Your instructions:
The answer is the exact run of lines in the listing below from the line containing "OK, this how-to" up to and including the line containing "Welcome to Chapter", with pictures removed.

Start of Dataset records

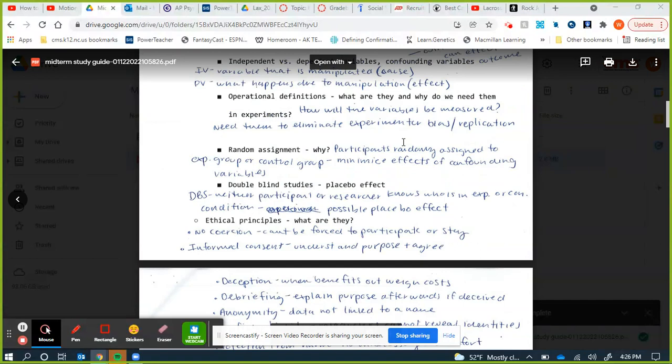Double blind studies: neither the participant nor the experimenter knows who is in the control group or experimental group. This mostly applies to medical studies. We do this to eliminate bias — if an experimenter knows someone only got the placebo but reports lessening symptoms, they might dismiss it. We also don't want participants to know their group because if you know you're getting a placebo, it's not a placebo anymore — the placebo works through expectation.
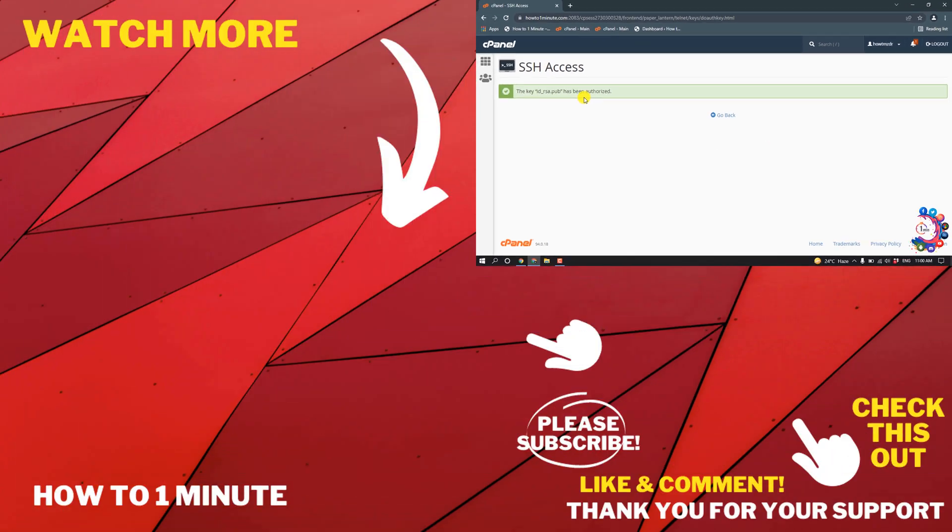So this is how we can enable shell access in cPanel. If you have any questions, feel free to post in the description. If you'd like to see more WordPress videos, please check the links in the description. If this video helped you, give a thumbs up and please consider subscribing to How To 1 Minute. Thank you for watching.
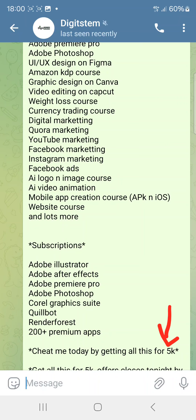If you want to get access to this, and you're already signed up on my email list, just send me an email saying you're interested — and please ask politely. If you don't have access to my email, just click the link in the description to get access to my email, and you'll receive a link directing you on how to get these courses.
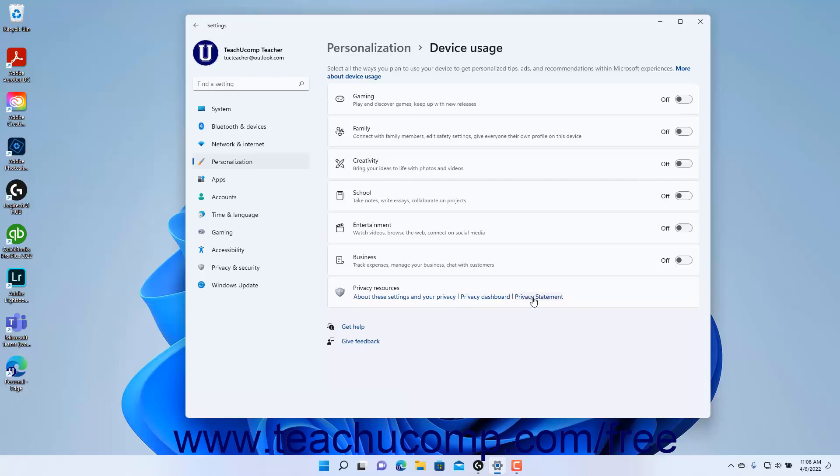To close the Settings app window when finished, click the X button in its upper right corner.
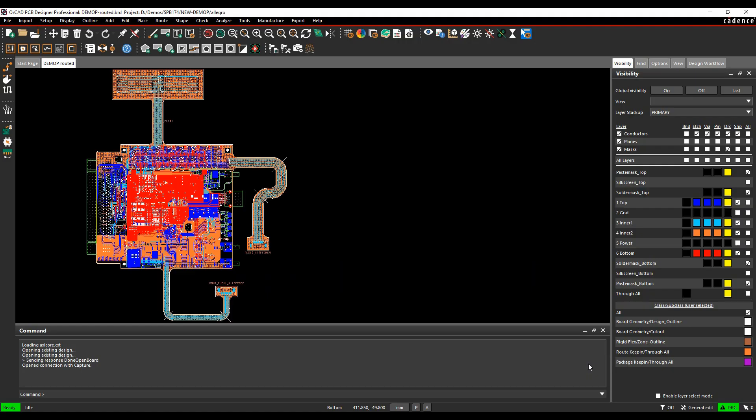OK, this how-to video is going to show you how to set up and control the embedded net names that are available inside the Cadence PCB tools.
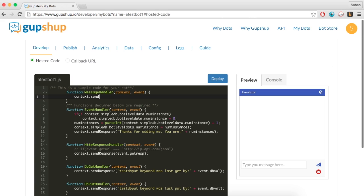Replace all the code in the message handler method with the below line. Context.sendResponse, hello world.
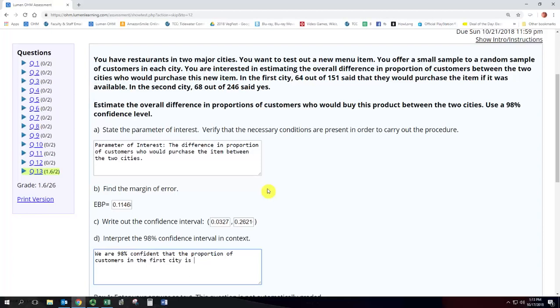is 3.3 percent to 26.2 percent greater than the proportion of customers in the second city.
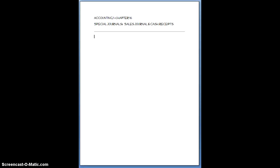Welcome to Chapter 16, Special Journals, emphasizing the Sales Journal and the Cash Receipts Journal. I'm going to put some notes up here for you, so you are welcome to jot them down into your notebook as well.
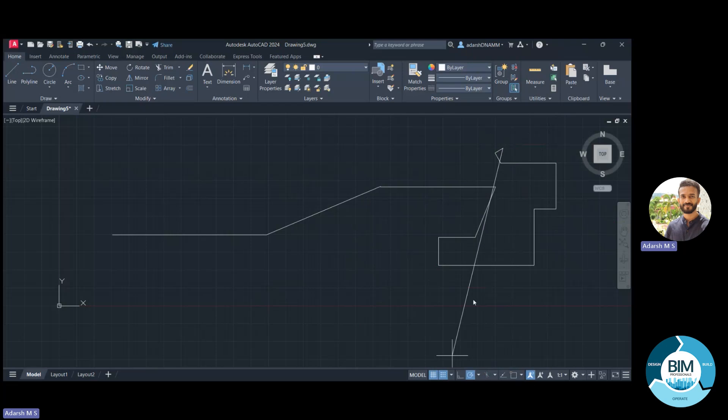These are the main basic tools we use for making drawings. This introductory class is meant for introducing the software and its user interface. From the next class, we will start a new project and use all these tools to make the drawings more accurate and attractive. See you in the next class — thank you so much.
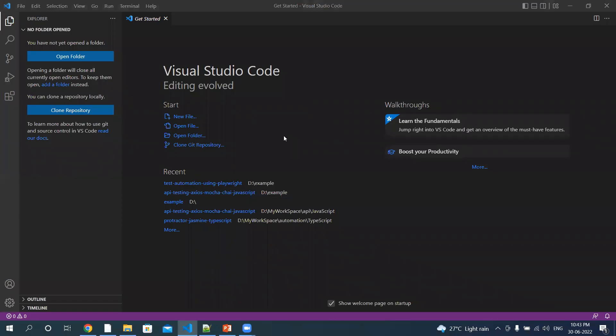Welcome back to my YouTube channel. Today we will be seeing what are the different ways to install Playwright. The first method is using the Visual Studio Code extension.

End of Dataset records

Written answer:
OK, this how-to video is going to show you how to set up and control the embedded net names that are available inside the Cadence PCB tools.
Replace all the code in the message handler method with the below line. Context.sendResponse, hello world.
is 3.3 percent to 26.2 percent greater than the proportion of customers in the second city.
Welcome to Chapter 16, Special Journals, emphasizing the Sales Journal and the Cash Receipts Journal. I'm going to put some notes up here for you, so you are welcome to jot them down into your notebook as well.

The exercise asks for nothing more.